Game descriptions for Ludii are written in text files with a .lud extension. The language used to describe games for Ludii is defined by a class grammar approach; it is automatically derived from the ludeme classes available in Ludii’s .jar file.


A full, detailed Ludii Language Reference may be downloaded from Ludii’s downloads page.

The basic premise of the language is that ludemes are described as their name, followed by a whitespace-separated list of arguments, all wrapped up in a pair of parentheses:

(ludemeName arg1 arg2 arg3 ...)

Generally, the “outer” ludeme (the first one that is visible in a game description file) will be of the type (game ...). Arguments may be of any of the following types:

  1. Ludemes: many ludemes can be used as arguments of other ludemes, which ultimately results in games being described as trees of ludemes.
  2. Strings: typically used to provide meaningful names to games, pieces, regions, etc. Strings are always written in a pair of double quotes, for example: "Pawn". By convention, names usually start with an uppercase symbol.
  3. Booleans: the boolean constants true and false may be used for any boolean (function) parameters.
  4. Integers: integer constants can simply be written directly in any .lud descriptions, without requiring any special syntax: 1, -1, 100, etc.
  5. Floats: any number containing a dot will be interpreted as a float constant. For example: 0.5, -1.2, 5.5, etc.
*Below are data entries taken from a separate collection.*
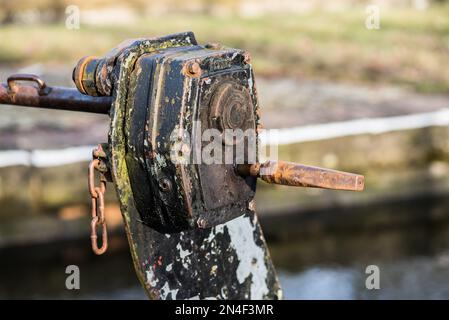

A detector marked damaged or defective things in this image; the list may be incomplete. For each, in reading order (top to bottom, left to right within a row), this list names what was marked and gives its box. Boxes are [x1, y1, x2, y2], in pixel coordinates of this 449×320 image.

rusted metal shaft [0, 74, 111, 114]
rusty chain link [88, 158, 108, 255]
rusty winding gear mechanism [0, 31, 362, 298]
rusted metal shaft [238, 161, 364, 191]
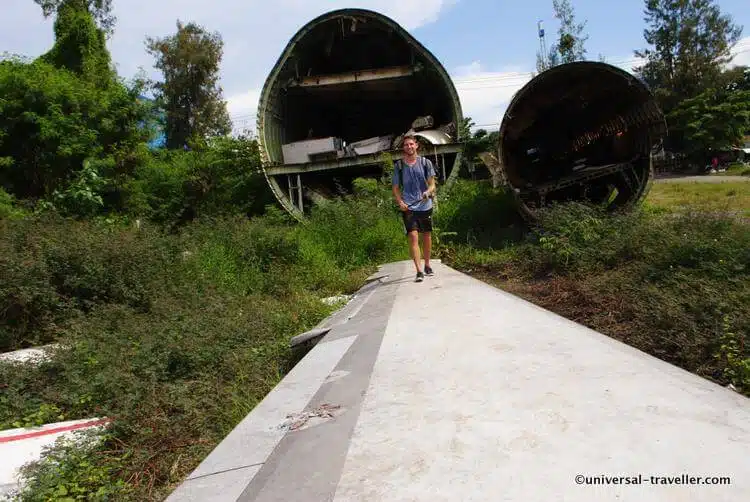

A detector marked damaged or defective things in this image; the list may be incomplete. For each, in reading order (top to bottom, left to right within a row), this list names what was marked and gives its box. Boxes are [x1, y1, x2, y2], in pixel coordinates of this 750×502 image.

cracked concrete edge [167, 262, 408, 502]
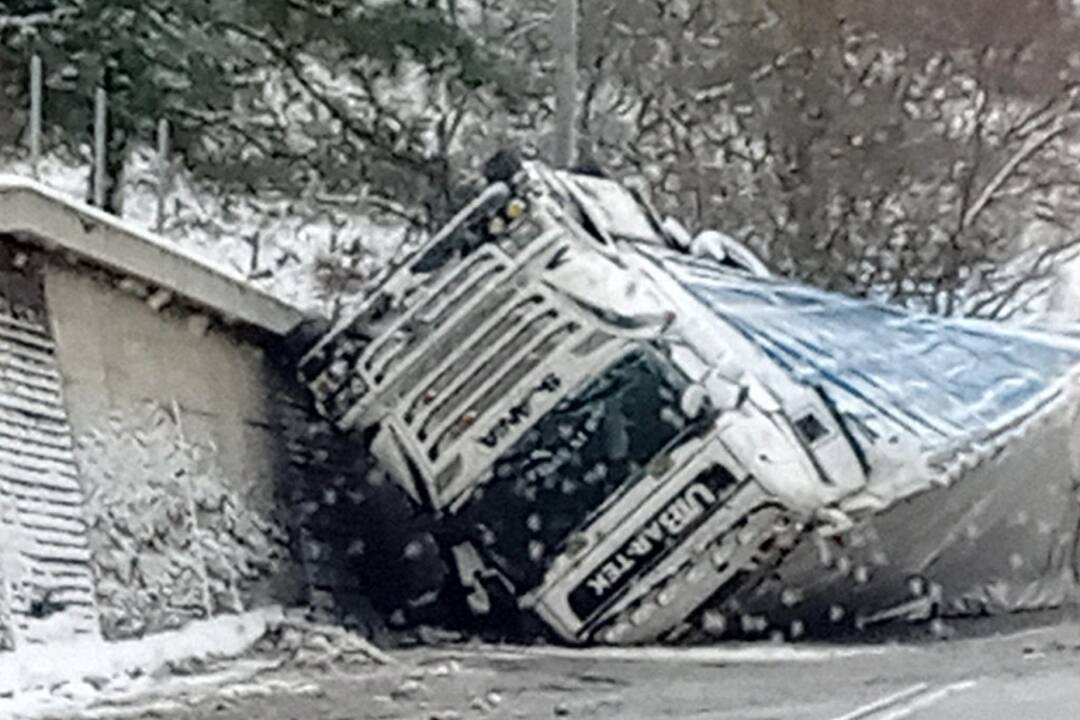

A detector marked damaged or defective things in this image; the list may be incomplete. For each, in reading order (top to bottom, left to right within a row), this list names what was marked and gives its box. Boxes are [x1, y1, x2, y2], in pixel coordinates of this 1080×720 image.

overturned truck [300, 160, 1080, 643]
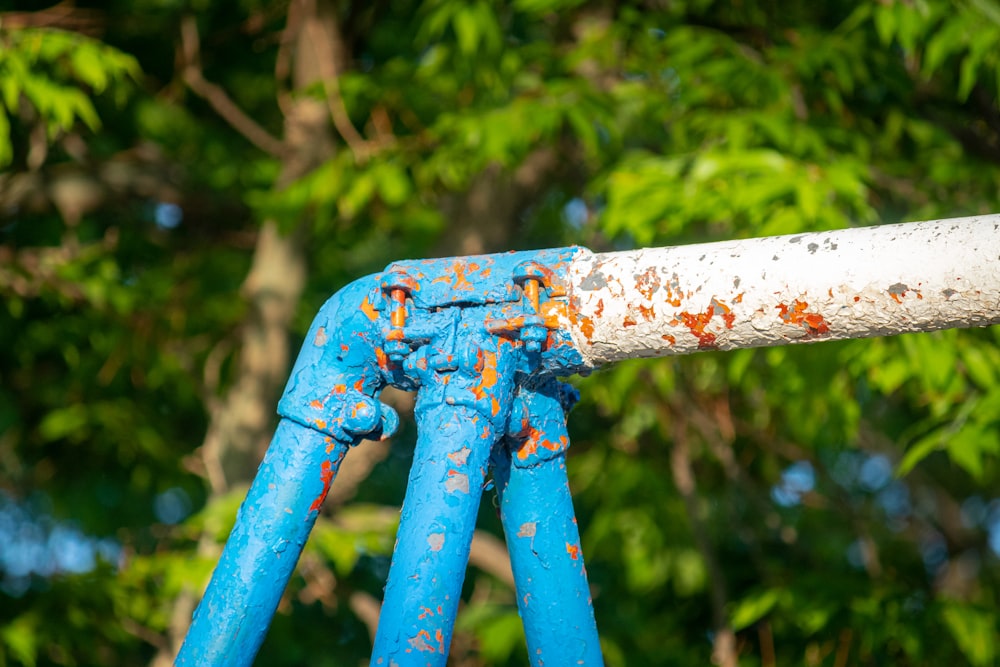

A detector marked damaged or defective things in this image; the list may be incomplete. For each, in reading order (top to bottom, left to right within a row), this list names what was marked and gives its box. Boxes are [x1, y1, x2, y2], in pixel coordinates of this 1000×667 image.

orange rust patch [358, 296, 376, 322]
rust spot [358, 298, 376, 320]
chipped paint surface [568, 215, 1000, 366]
peeling white paint [568, 217, 1000, 368]
orange rust patch [776, 302, 832, 336]
rust spot [776, 302, 832, 336]
rust spot [306, 462, 334, 516]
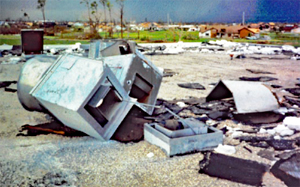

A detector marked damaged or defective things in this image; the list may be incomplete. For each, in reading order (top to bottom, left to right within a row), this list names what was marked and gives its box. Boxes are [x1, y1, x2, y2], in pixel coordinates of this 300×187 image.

broken concrete slab [206, 80, 278, 114]
broken concrete slab [199, 153, 270, 186]
broken concrete slab [270, 152, 300, 186]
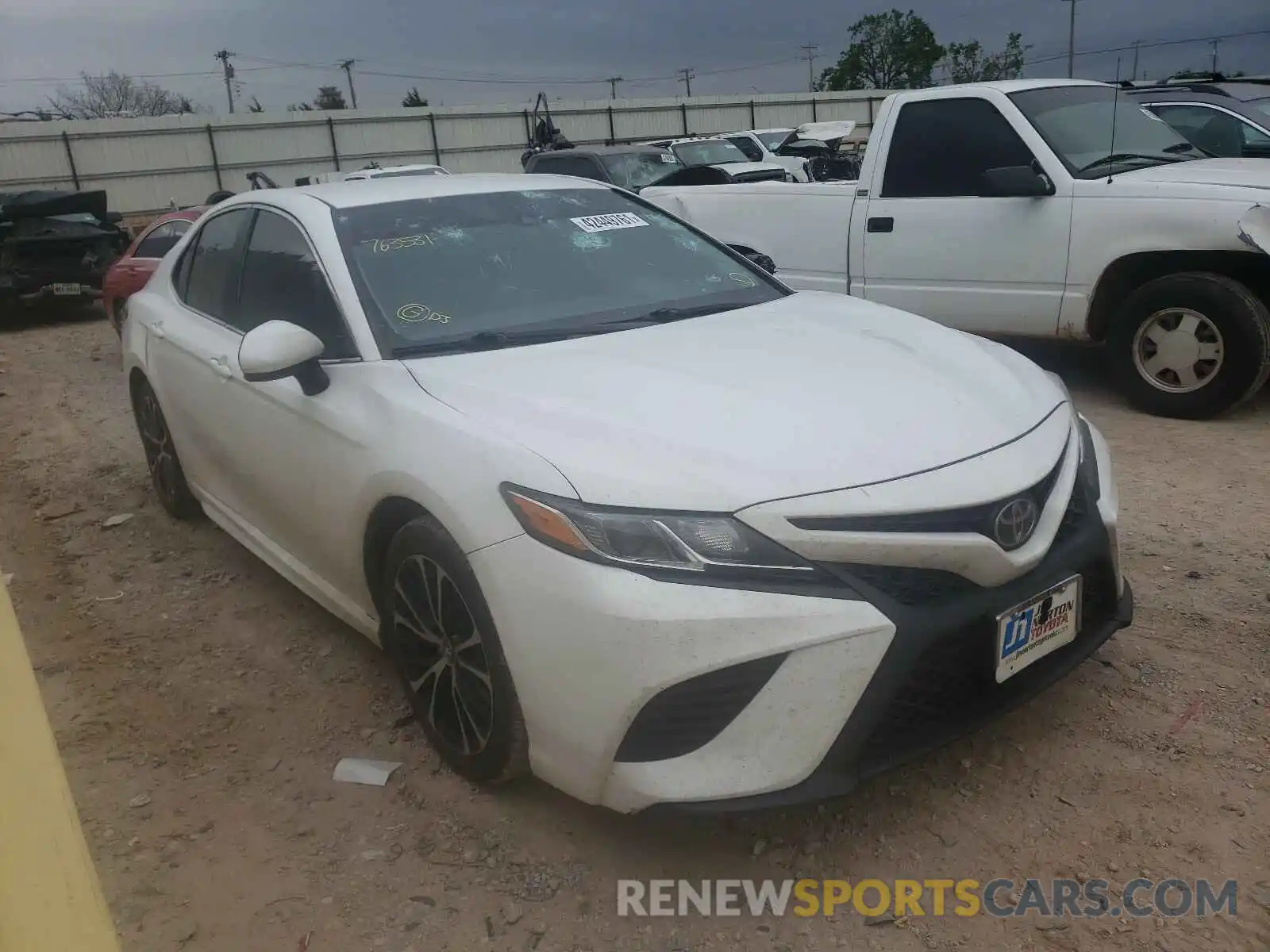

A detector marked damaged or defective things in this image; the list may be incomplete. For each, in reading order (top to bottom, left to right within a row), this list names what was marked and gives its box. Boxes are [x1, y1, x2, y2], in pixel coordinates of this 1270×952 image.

wrecked car [0, 186, 130, 305]
damaged car hood [401, 294, 1067, 515]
In ludemes that expect floats as argument, numbers without dots (such as just 1) cannot be used, and the same number should be written to include a decimal component instead (e.g., 1.0).

As a first example, the following code shows the full game description for Tic-Tac-Toe:

(game "Tic-Tac-Toe"
   (players 2)
         (board (square 3))
         (piece "Disc" P1)
         (piece "Cross" P2)
      (play (move Add (to (sites Empty))))
      (end (if (is Line 3) (result Mover Win)))

Viewing Ludii’s Built-in Game Files

The Ludii.jar file is not only a runnable program, but also an archive containing files. It can be extracted or opened like any regular .zip archive, which allows for the individual files inside it to be inspected. One of the top-level directories inside it is the /lud/ directory. Under this directory, all of the .lud files for all the built-in Ludii games can be found. They may all serve as examples for game designers.